You may wish to include experiences you have had in the resolution of disputes with other government departments, overseas revenue authorities or other parties not connected with the Commonwealth of Australia.

Other issues

Lastly, your submission may wish to address any other specific points that you consider important in the context of the ATO's use of either EDR or ADR.

1 Ernst & Young, Tax Administration without Borders, viewed on 12 July 2011, p.3; Organisation for Economic Co-operation and Development, Study into the role of Tax Intermediaries, viewed on 13 July 2011, p.75.

2 Commissioner of Taxation, Annual Report 2009-10, Australian Taxation Office, Canberra, viewed on 30 June 2011.

3 National Alternative Dispute Resolution Advisory Committee (NADRAC) website, viewed on 27 June 2011.

4 Law Society of New South Wales, Early Dispute Resolution (EDR) Task Force Report, viewed on 27 June 2011.

5 Speech: 'The Future of Litigation: Dispute Resolution in Jurassic Park?' delivered by the Hon.

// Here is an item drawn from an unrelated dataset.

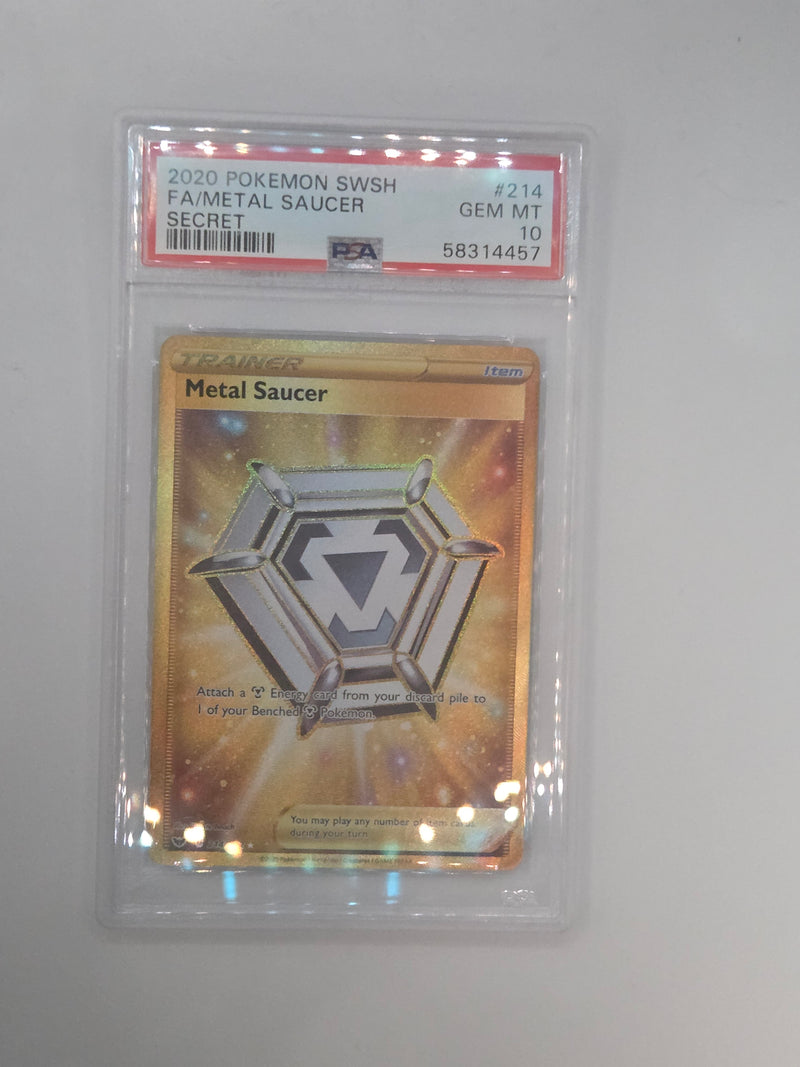 Metal Saucer - 214/202 - SWSH - PSA 10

Robert French, Chief Justice of the High Court of Australia at the Bar Association of Queensland Annual Conference on 7 March 2009, viewed on 27 June 2011.

6 Attorney-General's Department, Encouraging Access to Justice through Alternative Dispute Resolution, Media Release 29 March 2009, viewed on 27 June 2011; Civil Dispute Resolution Act 2011 (Cth); Attorney-General's Department, Legal Services Directions 2005, viewed on 30 June 2011.

7 Law Council of Australia, 'Submission to the Senate Legal and Constitutional Affairs Committee regarding the Civil Dispute Resolution Bill 2010', viewed on 28 June 2011, p. 3.

8 Her Majesty's Revenue and Customs, Alternative Dispute Resolution Pilot, viewed on 27 June 2011; see also Ernst & Young, above n 1, p. 50.

9 Internal Revenue Service, Fast Track Settlements, viewed on 27 June 2011.

10 New Zealand Inland Revenue, Dispute Resolution Process, viewed on 27 June 2011.

11 Australian Taxation Office, Law Administration Practice Statement PS LA 2007/23 Alternative Dispute Resolution in ATO Disputes and Litigation, viewed on 28 June 2011, para. 8.

12 Australian Taxation Office, Code of Settlement Practice, viewed on 28 June 2011, para. 37.

13 Attorney-General's Department, above n. 6, Appendix B sub-paragraph 2(d).

14 Part 4 of the Act outlines those proceedings which are excluded from the operation of the Act.

15 Section 6.

16 Section 7.

17 Inspector-General of Taxation, Review into aspects of the Tax Office's settlement of active compliance activities, viewed on 30 June 2011, p. 13.

18 Inspector-General of Taxation, Review into the underlying causes and the management of objections to Tax Office decisions, viewed on 30 June 2011.